By Dennis Hartley
(Originally posted on Digby’s Hullabaloo on October 13, 2018)
In my 2011 review of the film Drive, I wrote:
If there is one thing I’ve learned from the movies, it’s that a man…a real man…has gotta adhere to a Code. Preferably a “warrior” code of some sort. […] Steve McQueen…there was a guy who specialized in playing characters who lived by a code; he also brought a sense of Zen cool to the screen. There were others, like Jean-Paul Belmondo, Lee Marvin, Paul Newman and Clint Eastwood.
It seemed inevitable that at some point in E. Chai Vasarhelyi’s documentary Free Solo, it would be revealed that its “star”, free-soloist climber Alex Honnold, lives by such a code.

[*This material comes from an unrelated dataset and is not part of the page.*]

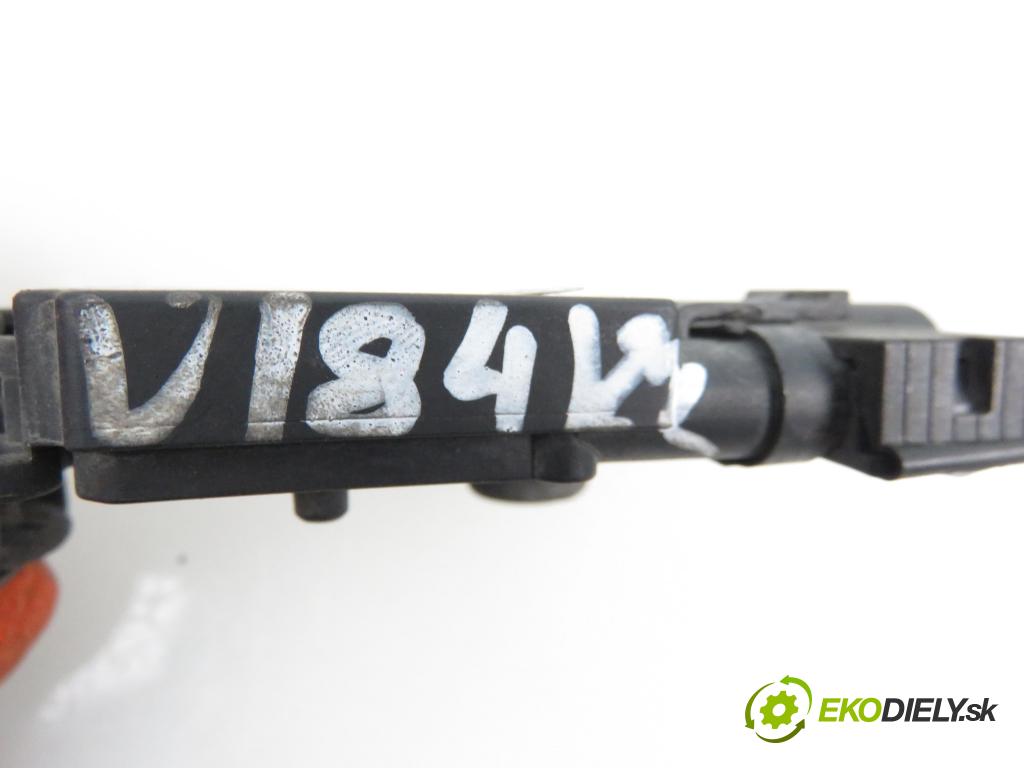 OPEL VECTRA C Kombi (Z02) KOMBI 2004 1995,00 Czujniki uderzenia 1995,00 Snímač nárazu 13102025 (Snímače nárazu)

“For [my girlfriend] the point of life is like, happiness,” the soft-spoken, seemingly unflappable Honnold confides at one juncture, “To be with people that make you feel fulfilled; to have a good time. For me, it’s all about performance. Anybody can be happy and cozy. […] Nobody achieves anything great because they are happy and cozy. It’s about being a warrior. It doesn’t matter about the cause, necessarily. This is your path and you will pursue it with excellence. You face your fear, because your goal demands it. That is the goddamned warrior spirit. I think the free-soloing mentality is pretty close to warrior culture; where you give something 100% focus, because your life depends on it.”
I’m taking his word for it. When it comes to heights…I get a nosebleed from thick socks.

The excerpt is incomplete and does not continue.